◆ Exercise material:
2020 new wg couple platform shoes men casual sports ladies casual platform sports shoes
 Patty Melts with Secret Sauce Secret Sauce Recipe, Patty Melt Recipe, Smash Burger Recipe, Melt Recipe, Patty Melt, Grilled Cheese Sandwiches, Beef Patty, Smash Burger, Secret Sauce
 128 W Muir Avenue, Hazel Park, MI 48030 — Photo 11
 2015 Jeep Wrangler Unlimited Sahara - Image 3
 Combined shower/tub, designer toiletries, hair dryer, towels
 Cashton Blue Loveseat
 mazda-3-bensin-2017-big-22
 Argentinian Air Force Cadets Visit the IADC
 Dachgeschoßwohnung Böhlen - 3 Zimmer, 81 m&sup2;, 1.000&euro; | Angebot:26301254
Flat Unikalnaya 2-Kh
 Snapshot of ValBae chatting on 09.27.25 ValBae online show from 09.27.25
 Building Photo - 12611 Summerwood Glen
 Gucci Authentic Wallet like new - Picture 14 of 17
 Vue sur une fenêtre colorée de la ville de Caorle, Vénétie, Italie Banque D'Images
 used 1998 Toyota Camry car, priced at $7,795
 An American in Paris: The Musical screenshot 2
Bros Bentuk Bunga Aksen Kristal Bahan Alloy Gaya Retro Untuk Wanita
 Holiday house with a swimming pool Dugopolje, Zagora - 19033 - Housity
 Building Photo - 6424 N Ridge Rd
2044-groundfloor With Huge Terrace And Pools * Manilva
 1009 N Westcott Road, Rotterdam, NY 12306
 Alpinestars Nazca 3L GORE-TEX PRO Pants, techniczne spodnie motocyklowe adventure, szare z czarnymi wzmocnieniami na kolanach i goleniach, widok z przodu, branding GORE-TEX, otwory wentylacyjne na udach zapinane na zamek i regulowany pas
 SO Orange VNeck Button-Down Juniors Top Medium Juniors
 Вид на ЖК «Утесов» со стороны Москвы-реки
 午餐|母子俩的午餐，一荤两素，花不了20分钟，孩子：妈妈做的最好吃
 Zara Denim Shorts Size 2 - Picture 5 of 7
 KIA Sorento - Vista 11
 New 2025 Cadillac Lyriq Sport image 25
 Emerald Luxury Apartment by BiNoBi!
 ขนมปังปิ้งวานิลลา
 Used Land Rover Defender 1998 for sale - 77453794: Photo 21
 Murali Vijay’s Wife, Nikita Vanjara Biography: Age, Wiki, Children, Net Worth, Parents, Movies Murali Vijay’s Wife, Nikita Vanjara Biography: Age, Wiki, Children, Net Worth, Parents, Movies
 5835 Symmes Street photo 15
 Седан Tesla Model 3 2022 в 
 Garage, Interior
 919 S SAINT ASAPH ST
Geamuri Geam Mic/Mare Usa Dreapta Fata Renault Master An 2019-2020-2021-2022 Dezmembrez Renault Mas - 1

◆ What to produce: The lines to reproduce run from the one containing "Alpinestars Nazca 3L" to the last line of the listing; print them exactly, including both ends.

◆ Written solution:
 Alpinestars Nazca 3L GORE-TEX PRO Pants, techniczne spodnie motocyklowe adventure, szare z czarnymi wzmocnieniami na kolanach i goleniach, widok z przodu, branding GORE-TEX, otwory wentylacyjne na udach zapinane na zamek i regulowany pas
 SO Orange VNeck Button-Down Juniors Top Medium Juniors
 Вид на ЖК «Утесов» со стороны Москвы-реки
 午餐|母子俩的午餐，一荤两素，花不了20分钟，孩子：妈妈做的最好吃
 Zara Denim Shorts Size 2 - Picture 5 of 7
 KIA Sorento - Vista 11
 New 2025 Cadillac Lyriq Sport image 25
 Emerald Luxury Apartment by BiNoBi!
 ขนมปังปิ้งวานิลลา
 Used Land Rover Defender 1998 for sale - 77453794: Photo 21
 Murali Vijay’s Wife, Nikita Vanjara Biography: Age, Wiki, Children, Net Worth, Parents, Movies Murali Vijay’s Wife, Nikita Vanjara Biography: Age, Wiki, Children, Net Worth, Parents, Movies
 5835 Symmes Street photo 15
 Седан Tesla Model 3 2022 в 
 Garage, Interior
 919 S SAINT ASAPH ST
Geamuri Geam Mic/Mare Usa Dreapta Fata Renault Master An 2019-2020-2021-2022 Dezmembrez Renault Mas - 1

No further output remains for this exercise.